## EXERCISE
Return each line of the listing below, unchanged, and omit the images.

## MATERIAL FOR THE TASK

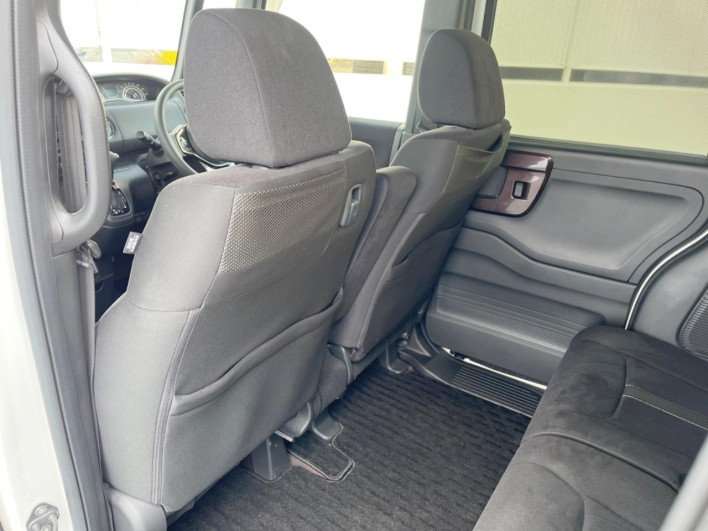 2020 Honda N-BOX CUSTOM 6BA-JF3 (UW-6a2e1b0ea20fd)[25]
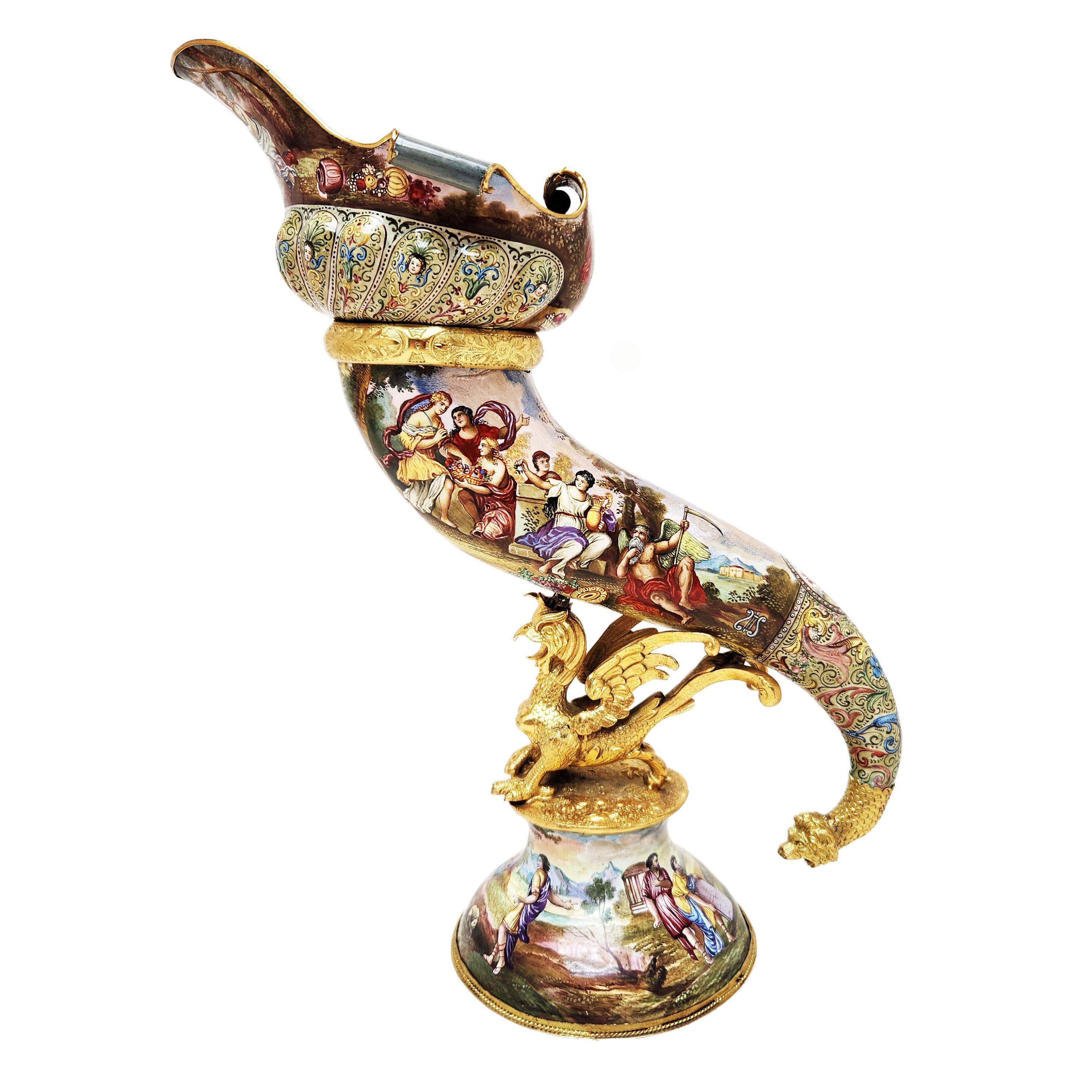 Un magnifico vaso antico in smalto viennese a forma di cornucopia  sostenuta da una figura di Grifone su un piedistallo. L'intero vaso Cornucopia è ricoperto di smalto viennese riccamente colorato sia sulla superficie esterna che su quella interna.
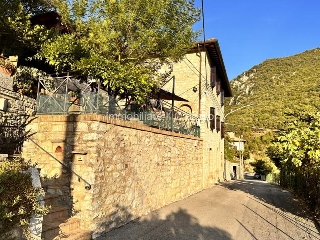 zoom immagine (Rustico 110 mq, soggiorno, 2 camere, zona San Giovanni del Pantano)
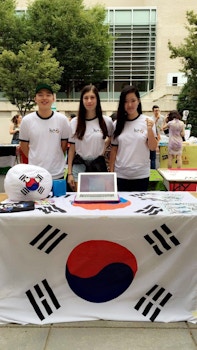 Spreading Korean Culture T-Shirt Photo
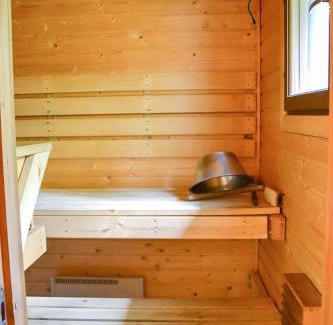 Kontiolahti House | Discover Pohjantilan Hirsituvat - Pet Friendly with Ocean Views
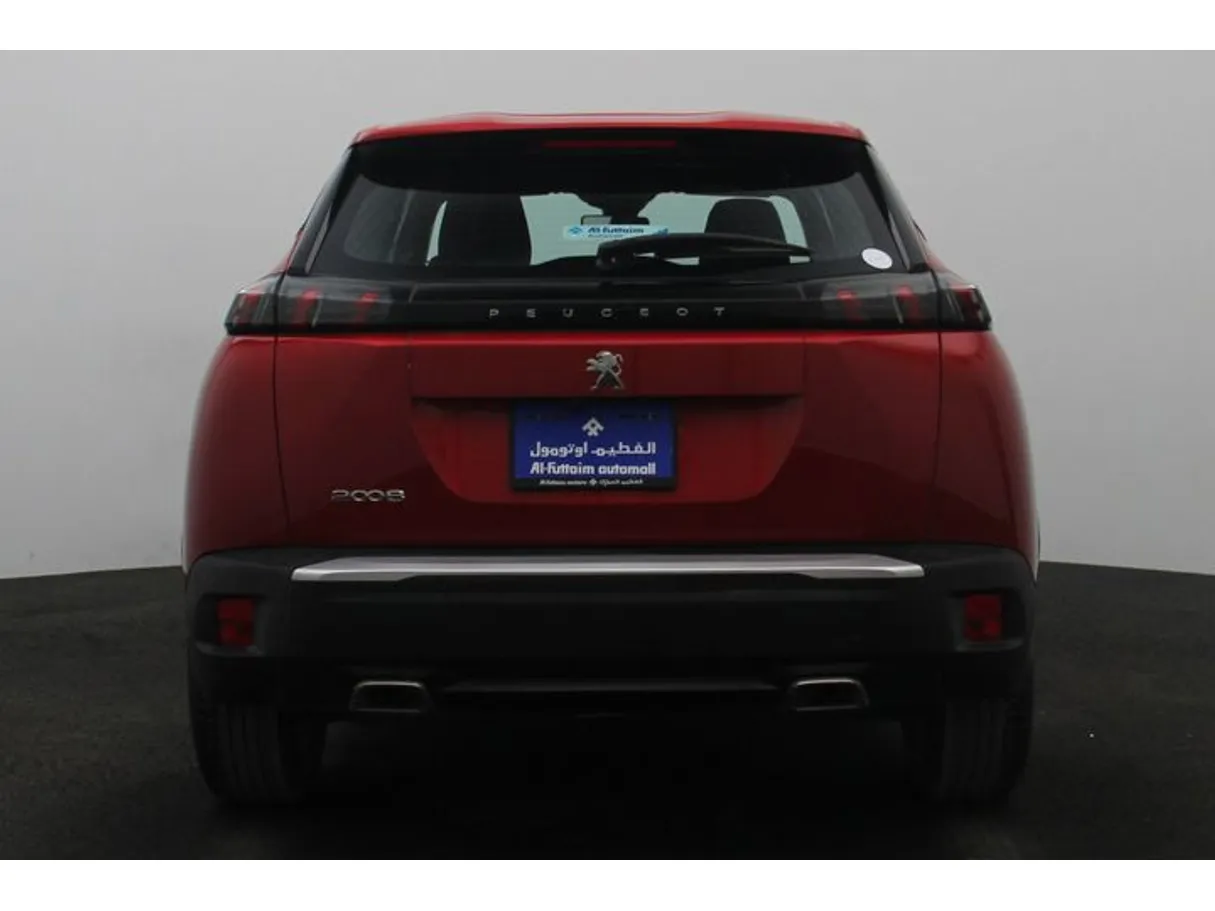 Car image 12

## ANSWER SECTION
 2020 Honda N-BOX CUSTOM 6BA-JF3 (UW-6a2e1b0ea20fd)[25]
 Un magnifico vaso antico in smalto viennese a forma di cornucopia  sostenuta da una figura di Grifone su un piedistallo. L'intero vaso Cornucopia è ricoperto di smalto viennese riccamente colorato sia sulla superficie esterna che su quella interna.
 zoom immagine (Rustico 110 mq, soggiorno, 2 camere, zona San Giovanni del Pantano)
 Spreading Korean Culture T-Shirt Photo
 Kontiolahti House | Discover Pohjantilan Hirsituvat - Pet Friendly with Ocean Views
 Car image 12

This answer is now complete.